Today (my day off!) I had a chance to spend a few hours with a summer class from Montana State University’s Institute of the Environment, formerly Big Sky Institute. Science teachers from around the country had come to MSU for a week-long course in Yellowstone Lake Ecology. Yesterday they had come to the park to wade through Pelican and Arnica creeks, collecting water samples in containers and not a few leeches on themselves. Today they were in a make-shift lab, trying to identify all sorts of creepy-crawly freshwater invertebrates under the microscope. I was content to be participating today, not having had to endure the leech-fest yesterday. Totally gross!
Being geologically inclined towards the metamorphic variety, I was really out of my element with all these freshwater macro-invertebrates. Plus I was not taking the class – we had been invited to just hang out and learn something about lake ecology. But I was able to peek at some cool slides, which is always fun.
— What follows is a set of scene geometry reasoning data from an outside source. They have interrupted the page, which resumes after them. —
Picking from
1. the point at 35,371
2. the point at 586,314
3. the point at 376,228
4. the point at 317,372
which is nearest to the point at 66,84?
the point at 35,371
I saw diatoms, mayflies, water fleas (Cladocerans), damselfly larva, caddis flies, midge larvae, cyanobacteria (Nostoc), and several different copepods. I have no idea what these organisms were supposed to look like under the microscope but I take great notes and so took names.
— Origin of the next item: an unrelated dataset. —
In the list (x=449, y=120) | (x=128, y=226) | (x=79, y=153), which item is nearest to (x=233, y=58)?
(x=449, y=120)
Whenever folks found something intriguing in their water samples, they used a mountain of reference material to “key out” organisms down to the genus and hopefully the species level. They were even looking for amoebas but I do not know if anyone found one. I heard no “Eureka! An amoeba!” from the assembled class members.
The ultimate goal of the Institute’s Lake Biodiversity Project is to extract DNA from different organisms in order to identify them as far as possible (genus and hopefully species) and compare each to other DNA sequences for known or new Yellowstone Lake species.
Interestingly, a method for copying DNA was developed from a thermophilic (heat-loving) bacterium called Thermus aquaticus. It was isolated in the late 1960s from the clear, scalding waters of one of Yellowstone’s thermal features named Mushroom Pool. The PCR method of copying DNA requires a heat-stable enzyme, which is found in Thermus aquaticus (or Taq for short). Mass production of Taq revolutionized biological research; PCR is now the most widely used method for studying DNA in biotechnology, molecular biology, medical research, and law enforcement laboratories around the world.